Na roça era assim: vida muito sofrida e com algumas privações, mas independente disso as pessoas gostavam do campo. Do ar puro, do jeito inocente da gente do lugar e da amizade que se fazia. Se tem algo típico da roça é a solidariedade. Seja pra arar o pasto, pra rezar em homenagem ao santo padroeiro e até mesmo pro forró.
Se tempos atrás a vida era muito sofrida e de trabalho na roça, o povo também sabia se reunir para coisas boas. A criançada, por exemplo, aproveitava a noite para caçar vaga-lumes e colocá-los num pote de vidro que ficava todo alumiado. Já os mais mocinhos iam pra beira do rio nadar e depois aproveitavam para pescar e garantir a mistura da janta.
Era tudo muito simples, mas todo mundo se divertia, e o que é mais importante: juntos. Interação é palavra antiga e que agora virou moda, mas o povo da roça já conhecia bem. Muito mais do que ser só a relação firmada entre duas interfaces, ligando o mundo real ao virtual, a interação ou interatividade prevê, na primeira e última análise, a ligação entre as pessoas independente do meio que utilizam para isso.
Parece que quanto mais simples o tipo de sociedade mais direta essa interação, uma vez que é gente ligada à gente por laços comuns. É a tal da identidade se consolidando. Quanto mais complexa a sociedade, a interação ou interatividade vai ficando mais sofisticada/complicada e ao mesmo tempo em que aproxima afasta as pessoas. Fica cada um no seu quadrado, no seu mundinho ou universo paralelo.
Na roça, quando se caçava vaga-lumes, tudo era real num mesmo plano. Hoje criaram a tal de realidade aumentada, que quer unir dois mundos. Um que existe e outro criado para o homem não ficar só em si.
Realidade aumentada tinha que ser a ampliação do meu mundo no contexto do mundo do outro e não apenas no âmbito virtual. Quando a realidade aumentada vence os muros de cada um e dá vista para o quintal do outro podemos ver, sem obstáculo, o que impacta o próximo.
Com isso, abre espaço para uma visão humanizada que permite entender o que nos divide. É como se estivesse todo mundo num mesmo pasto a caçar vaga-lumes. Lado a lado. Com suas limitações e habilidades.
Não se trata de um mero jogo.

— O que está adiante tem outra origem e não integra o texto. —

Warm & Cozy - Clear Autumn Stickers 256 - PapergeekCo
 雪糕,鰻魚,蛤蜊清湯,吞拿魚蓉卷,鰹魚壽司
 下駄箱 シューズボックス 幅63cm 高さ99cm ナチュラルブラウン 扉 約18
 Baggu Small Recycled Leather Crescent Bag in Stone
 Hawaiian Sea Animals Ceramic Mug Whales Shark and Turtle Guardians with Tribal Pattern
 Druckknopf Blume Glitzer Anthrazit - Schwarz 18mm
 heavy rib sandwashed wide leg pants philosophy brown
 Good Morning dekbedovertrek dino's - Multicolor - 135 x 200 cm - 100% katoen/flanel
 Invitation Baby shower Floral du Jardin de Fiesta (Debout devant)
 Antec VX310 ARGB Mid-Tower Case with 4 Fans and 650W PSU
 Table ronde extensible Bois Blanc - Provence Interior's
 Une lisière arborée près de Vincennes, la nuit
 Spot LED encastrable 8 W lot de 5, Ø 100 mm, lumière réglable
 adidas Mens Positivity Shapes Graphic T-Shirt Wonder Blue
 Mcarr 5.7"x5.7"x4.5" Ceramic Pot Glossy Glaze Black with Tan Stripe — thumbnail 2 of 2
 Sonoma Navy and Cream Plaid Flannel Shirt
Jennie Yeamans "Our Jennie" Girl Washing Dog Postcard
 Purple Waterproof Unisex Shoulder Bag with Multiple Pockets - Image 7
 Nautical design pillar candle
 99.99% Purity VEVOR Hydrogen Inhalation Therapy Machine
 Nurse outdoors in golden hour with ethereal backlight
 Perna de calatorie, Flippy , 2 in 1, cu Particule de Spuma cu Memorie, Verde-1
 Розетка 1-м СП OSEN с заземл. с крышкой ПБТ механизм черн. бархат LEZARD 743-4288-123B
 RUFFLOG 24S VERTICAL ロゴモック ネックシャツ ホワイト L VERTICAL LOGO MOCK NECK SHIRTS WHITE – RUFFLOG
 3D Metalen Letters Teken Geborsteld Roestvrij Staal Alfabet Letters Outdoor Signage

A realidade aumentada inaugura um novo tempo, que merece ser mais bem avaliado do ponto de vista social e antropológico. Se antes a curiosidade era chegar ao espaço e desvendar os mistérios das galáxias, agora o que intriga boa parte da humanidade é decifrar os mistérios deste mundo virtual que ela mesma cria.
Se antes vivia-se na roça, a existência do homem agora é dentro da aldeia global. Conectada, tão aproximada e também tão distante. Entender essa realidade e a necessidade de criar cada vez mais elementos num mundo virtual é um desafio.
Talvez uma das teses para viver nessa realidade estendida seja a possibilidade de controle do mundo virtual. Quem sabe não seja ele menos complexo do que real?
Jogos, por vezes, são formas de fuga. Entretenimento a uma realidade que às vezes se mostra incômoda.